Thank You Mr. Feckless President

Part of the Dodd-Frank financial reform bill - at best a very tepid attempt to reign in the excesses of the financial industry – was the creation of the Consumer Finance Protection Bureau. The CFPB, a brainchild of Elizabeth Warren, now a senator from Massachusetts, was one of the only good things to come out of the act. Dodd-Frank’s already weak improvements in regulating the financial industry are currently being further watered down by a massive bankster lobbying effort. No matter how low the thieving banksters get, there always seems to be another moral nadir for them to plumb.
Warren was naturally slated to be nominated for the head of the CFPB, but since she’d certainly have faced stiff opposition from the Repugs, Obama was too chickenshit to nominate her. His fecklessness, in this case at least, was a great gift to the people, since Warren was then free to contest a senate seat which she won.
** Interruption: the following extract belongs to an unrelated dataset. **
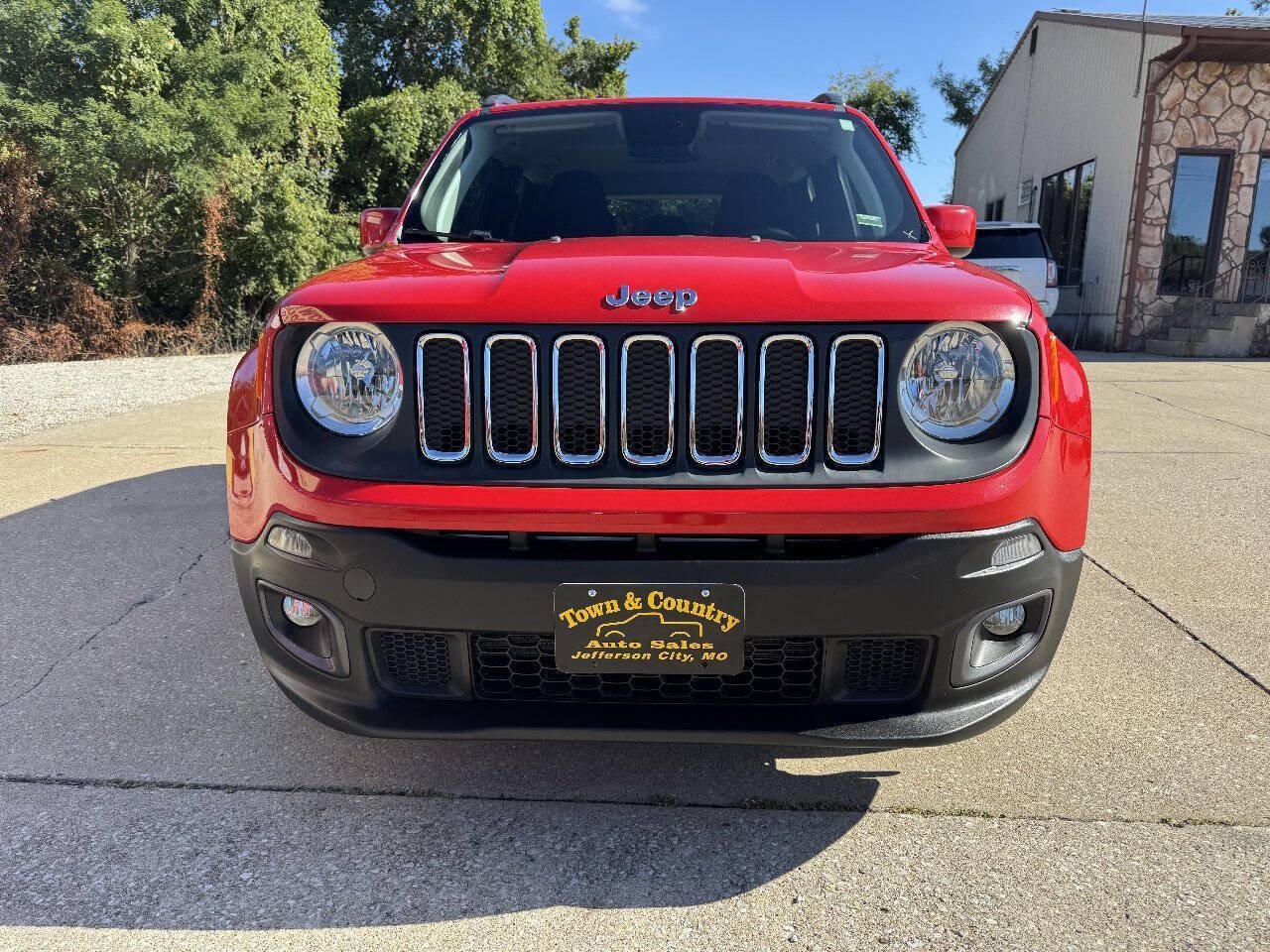 Used 2018 Jeep Renegade Latitude FWD image 2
Obama went on to nominate Richard Cordray, also a good pick for the post, but since the Repugs hate the idea of financial regulation as a matter of principle, they’re doing everything they can to block his appointment unless or until they can weaken the commission’s mandate into worthlessness.
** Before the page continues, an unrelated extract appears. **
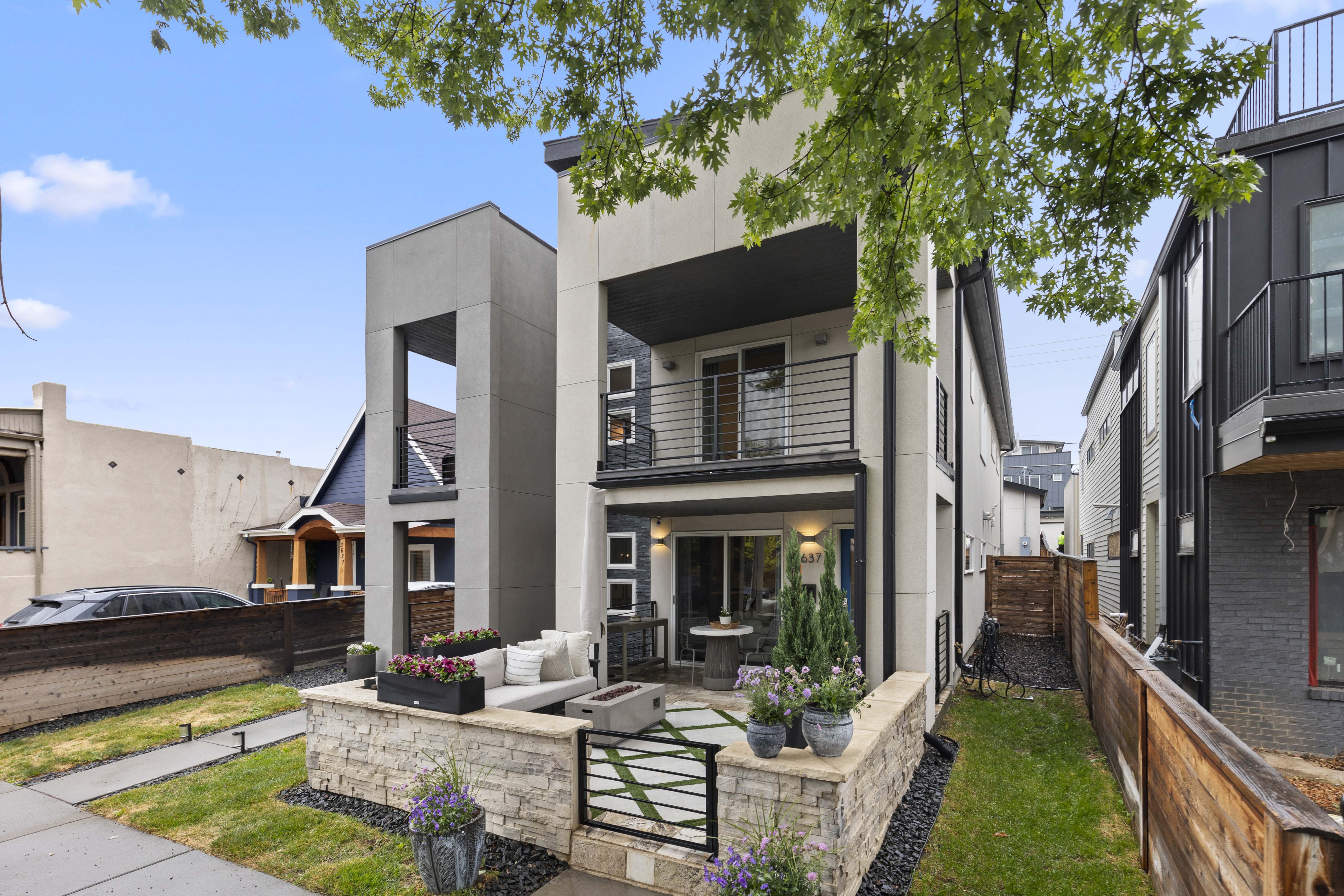  Sleek, architecturally refined end-unit duplex - 物件實景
Had Obama nominated Warren she’d be stuck in limbo, rather than be the strongest voice for banking and finance reform in the Senate. Lately she’s been pushing the idea of pegging student loan interest at the same level as what the big banks are paying. Student loan rates are soon to rise from 3.4% to 6.8% if new legislation isn’t passed. This is part of the cockamamie way politics is made in Washington, with temporary fixes to long-term problems that only require the same shit sausage to be recycled again later. Meanwhile the banks are paying 0.75% so she’s been asking why students should be paying 9 times as much interest as the banksters.
It gets worse: The US government earned a cool $51 billion from the student loan program last year. So the US is making a lot of money off of the backs of struggling students at the same time it is paying the banks to take its money. When you charge less than the rate of inflation, you are essentially giving the money away. One of the ways the banksters have been using that free money is to turn around and buy US treasuries - which are now paying about 2%. This free money is one of the reasons why the banks just posted their best profits ever.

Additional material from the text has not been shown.